== TASK TO COMPLETE ==
Print the records below exactly as they appear. Omit all pictures.

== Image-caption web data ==

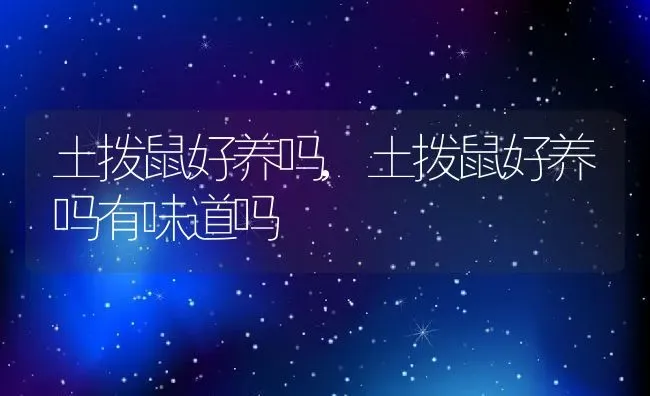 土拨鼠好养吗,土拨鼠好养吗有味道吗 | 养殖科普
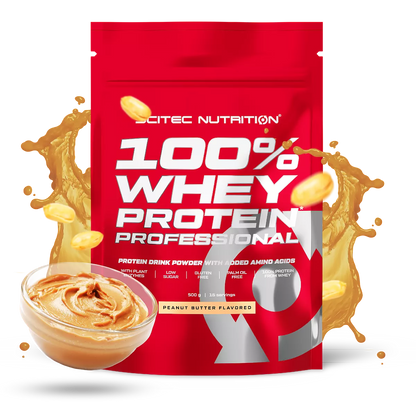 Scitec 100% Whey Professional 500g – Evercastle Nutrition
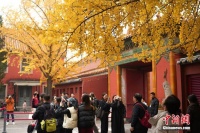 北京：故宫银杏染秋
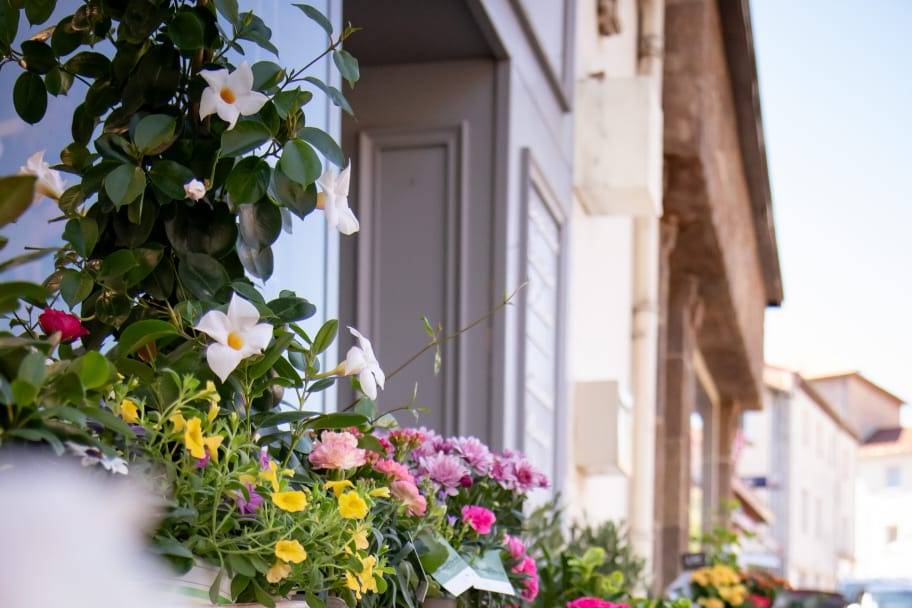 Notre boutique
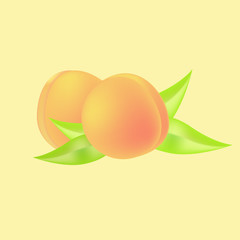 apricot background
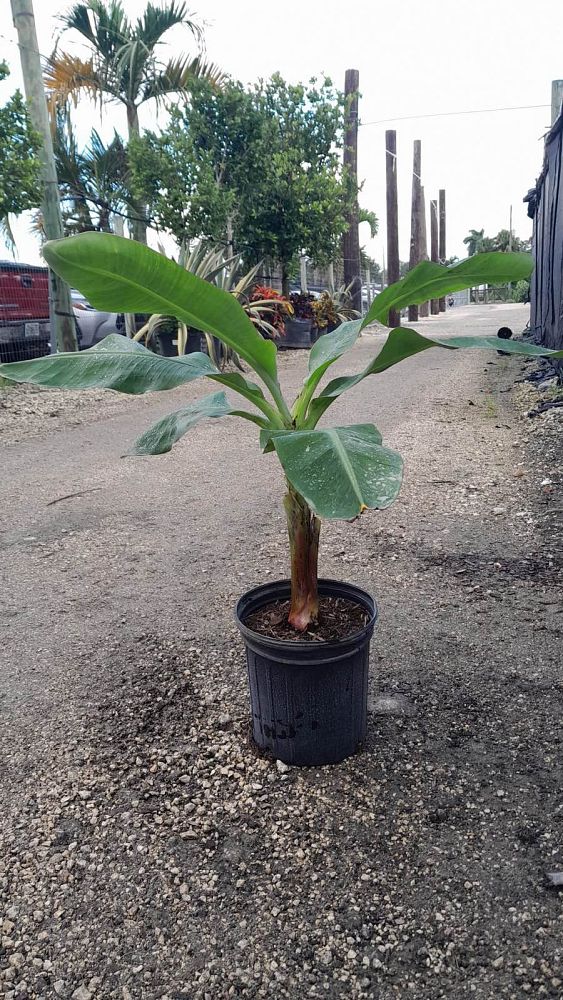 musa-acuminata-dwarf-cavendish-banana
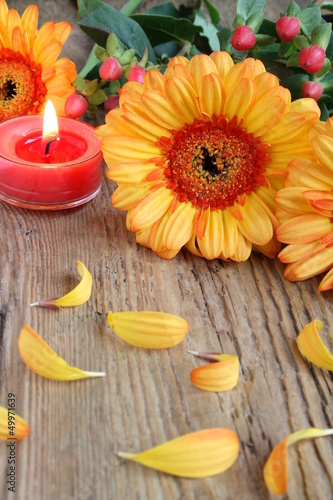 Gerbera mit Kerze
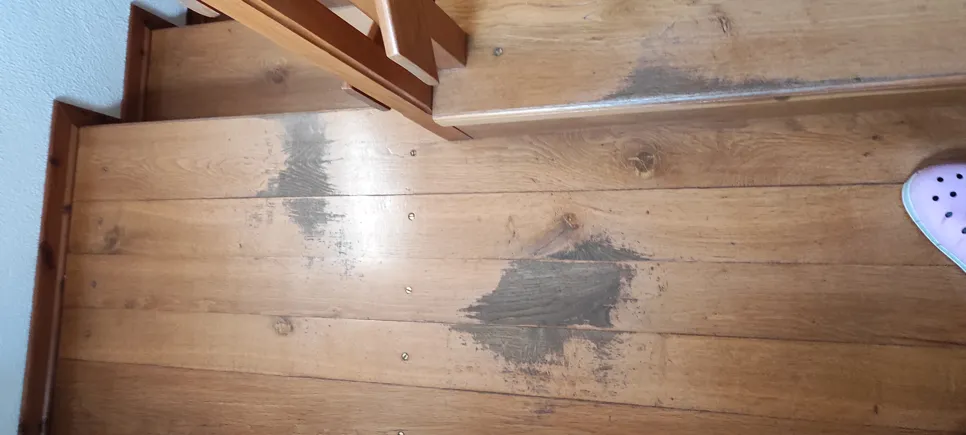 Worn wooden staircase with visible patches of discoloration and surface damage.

== EXERCISE OUTPUT ==
 土拨鼠好养吗,土拨鼠好养吗有味道吗 | 养殖科普
 Scitec 100% Whey Professional 500g – Evercastle Nutrition
 北京：故宫银杏染秋
 Notre boutique
 apricot background
 musa-acuminata-dwarf-cavendish-banana
 Gerbera mit Kerze
 Worn wooden staircase with visible patches of discoloration and surface damage.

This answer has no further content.